• _THE PROBLEM_
Return the line that has "Copies after Raphael’s The Finding of Moses" and all lines below it through the last, exactly as they stand; omit pictures.

• _COLLECTED MATERIAL_
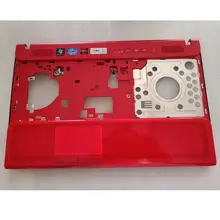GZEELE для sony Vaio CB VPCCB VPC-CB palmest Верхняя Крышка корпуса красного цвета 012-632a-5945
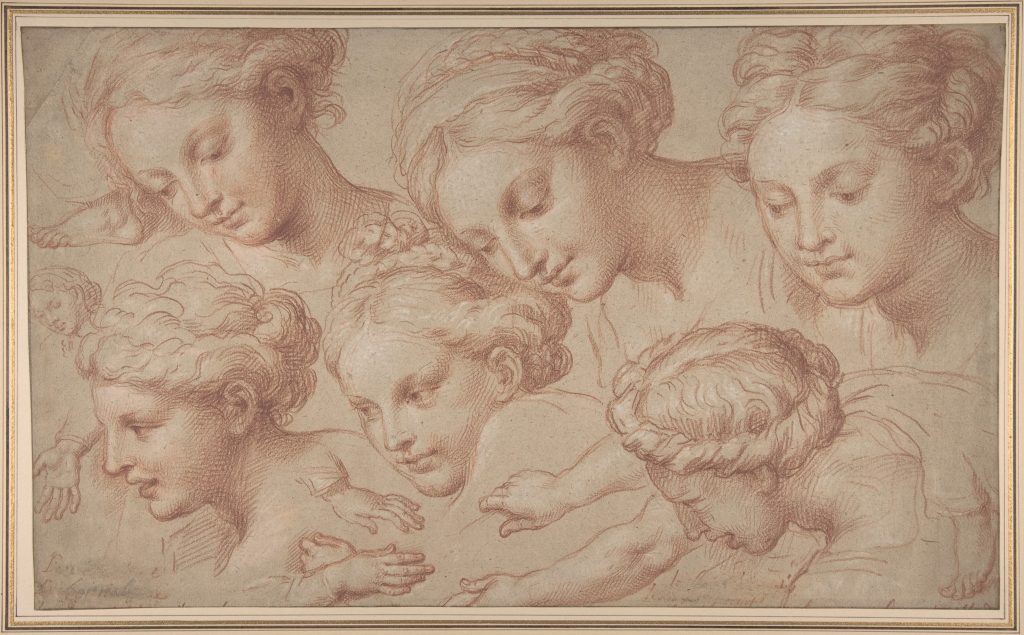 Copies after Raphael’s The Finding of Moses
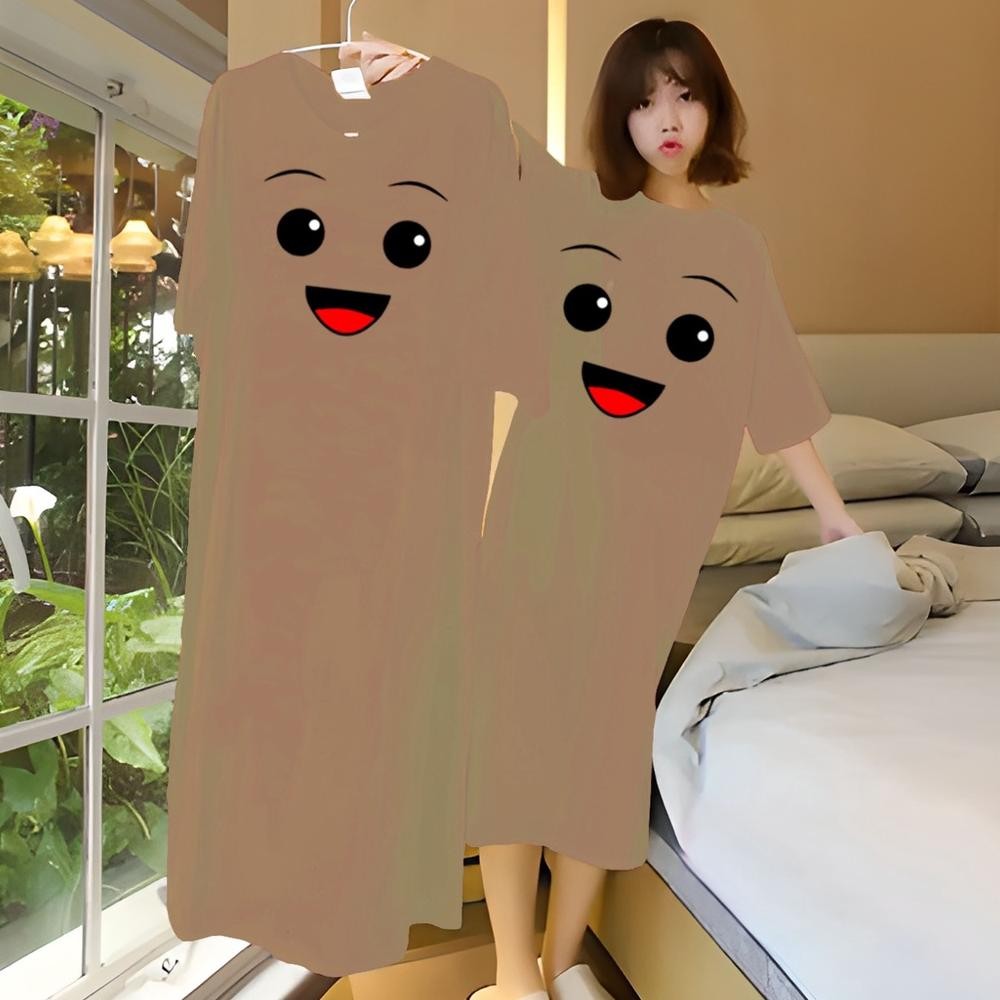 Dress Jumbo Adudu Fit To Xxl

• _REPLY TO THE TASK_
 Copies after Raphael’s The Finding of Moses
 Dress Jumbo Adudu Fit To Xxl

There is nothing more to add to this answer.